- [EXERCISE DESCRIPTION] Every line of the material below should be output exactly as written, with the images skipped.

============

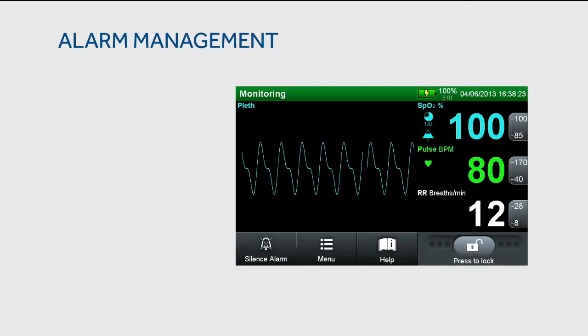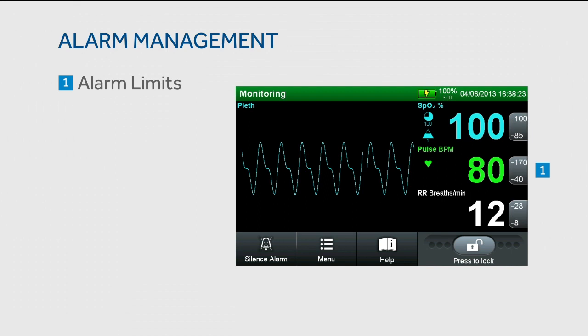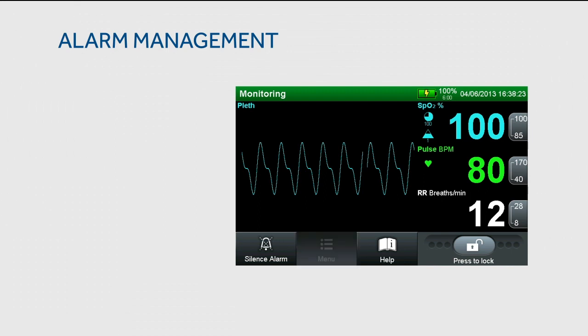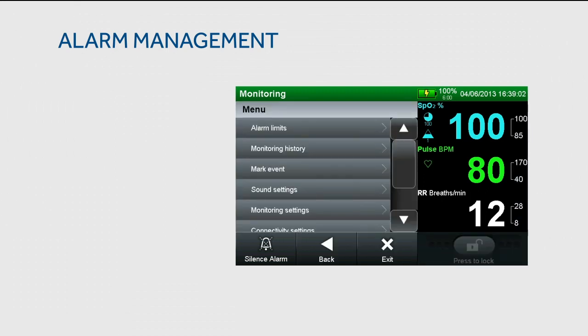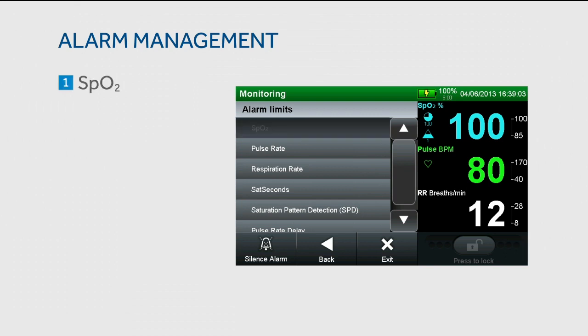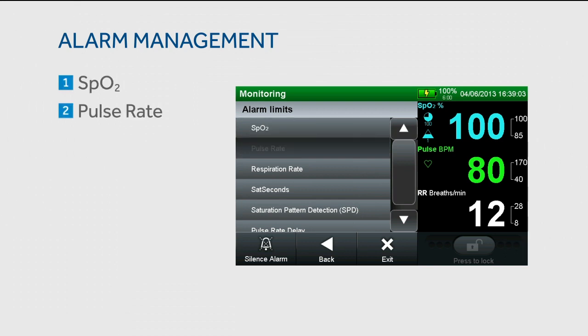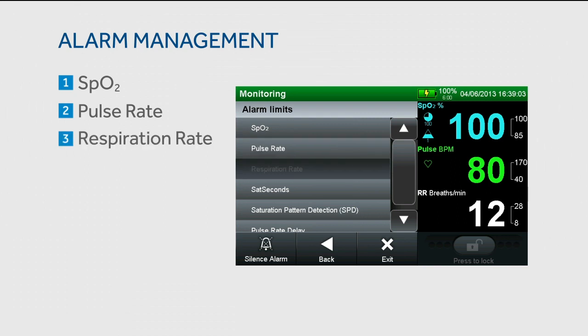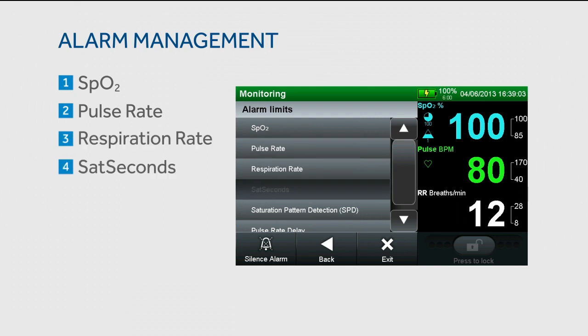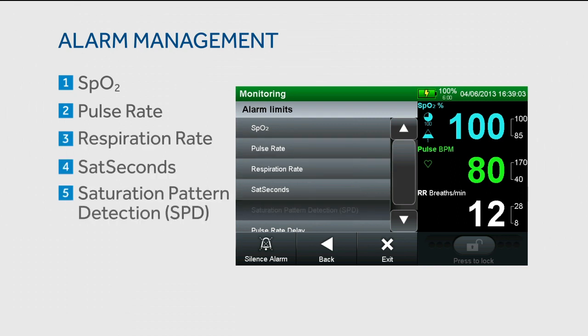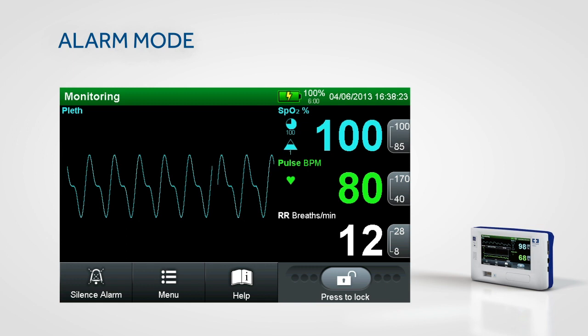To access the alarm limits, touch the limit range or navigate to the menu and select the alarm limits submenu. From this menu, you can adjust the alarm limits for SpO2, pulse rate, respiration rate, SAT seconds, and saturation pattern detection.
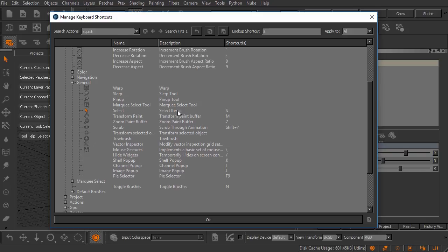That's going to bring this clip focused on navigation and keyboard shortcuts to a close and actually move us into our next module where we're going to start learning about Mari shaders, channels, and painting textures.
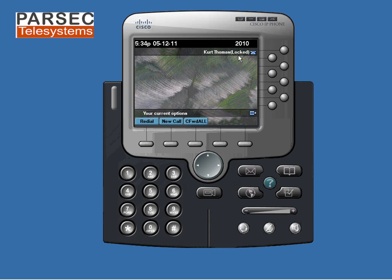This phone can receive all incoming calls, and basic internal outgoing calls can be made. However, as currently configured, you can't make any outbound PSTN calls. If I try to make a call, you can see it doesn't go through.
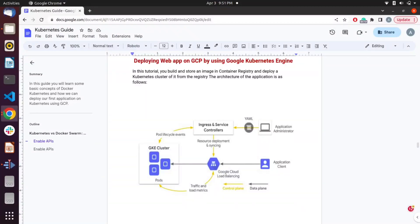Today we are going to deploy our first hello world application on Kubernetes using Google Cloud. Our deployment architecture involves creating a GKE cluster which will have three nodes. On top of that, we are going to expose this cluster with a load balancer which will load balance the traffic between these specific nodes whenever a user tries to access the application.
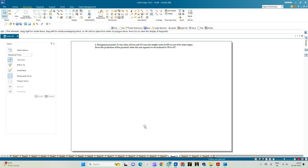Welcome to my Key Study Circle channel. In this video we shall see how to do the computer drafting of the orthographic projection of solids using the Solid Edge software.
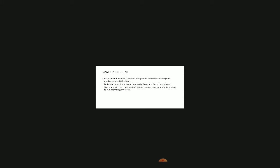Water Turbine: Water turbines convert kinetic energy into mechanical energy to produce electrical energy. Pelton turbine, Francis turbine, and Kaplan turbine are the prime movers. The energy in the turbine shaft is mechanical energy and is used to run an electric generator.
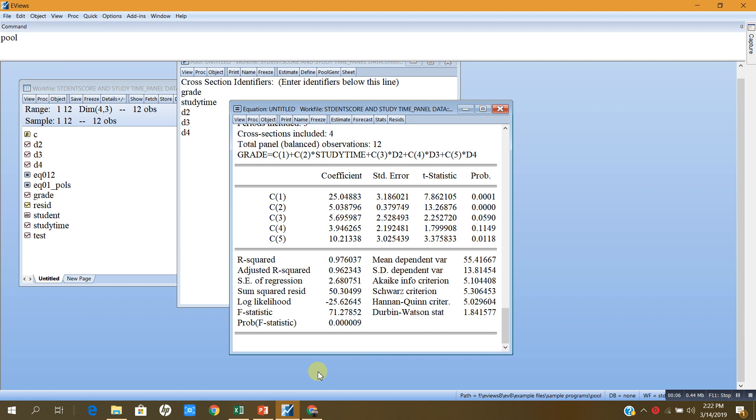Hi, welcome to the second part of the video on how to choose among pooled OLS regression model, fixed effects model, and random effects model. In the earlier video, you saw the estimation of the three models, and I performed the Hausmann test. Based on the Hausmann test, I concluded that the fixed effects model is better than the random effects model.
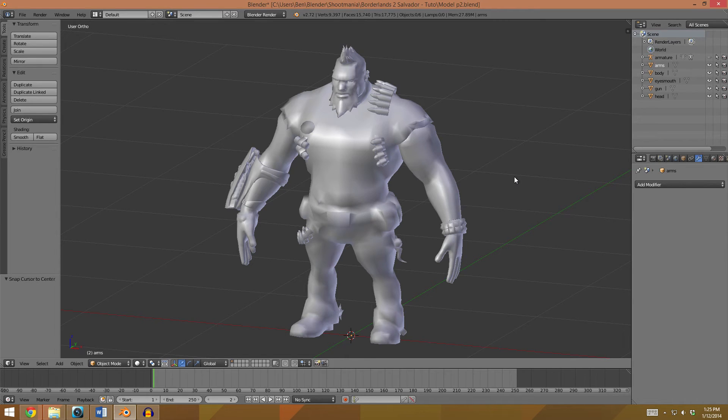Hey there, and welcome to part two of creating a Shootmania character in Blender. Continuing where we left off last, the mesh of the model is ready, and now we need to work on the materials.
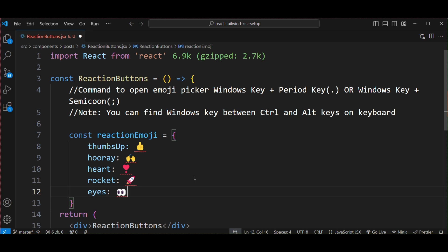That's it! This is how you can insert an emoji into your code in Visual Studio on Windows platform.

============

- [YOUR RESPONSE]
To access the alarm limits, touch the limit range or navigate to the menu and select the alarm limits submenu. From this menu, you can adjust the alarm limits for SpO2, pulse rate, respiration rate, SAT seconds, and saturation pattern detection.
That's going to bring this clip focused on navigation and keyboard shortcuts to a close and actually move us into our next module where we're going to start learning about Mari shaders, channels, and painting textures.
This phone can receive all incoming calls, and basic internal outgoing calls can be made. However, as currently configured, you can't make any outbound PSTN calls. If I try to make a call, you can see it doesn't go through.
Today we are going to deploy our first hello world application on Kubernetes using Google Cloud. Our deployment architecture involves creating a GKE cluster which will have three nodes. On top of that, we are going to expose this cluster with a load balancer which will load balance the traffic between these specific nodes whenever a user tries to access the application.
Welcome to my Key Study Circle channel. In this video we shall see how to do the computer drafting of the orthographic projection of solids using the Solid Edge software.
Water Turbine: Water turbines convert kinetic energy into mechanical energy to produce electrical energy. Pelton turbine, Francis turbine, and Kaplan turbine are the prime movers. The energy in the turbine shaft is mechanical energy and is used to run an electric generator.
Hi, welcome to the second part of the video on how to choose among pooled OLS regression model, fixed effects model, and random effects model. In the earlier video, you saw the estimation of the three models, and I performed the Hausmann test. Based on the Hausmann test, I concluded that the fixed effects model is better than the random effects model.
Hey there, and welcome to part two of creating a Shootmania character in Blender. Continuing where we left off last, the mesh of the model is ready, and now we need to work on the materials.
That's it! This is how you can insert an emoji into your code in Visual Studio on Windows platform.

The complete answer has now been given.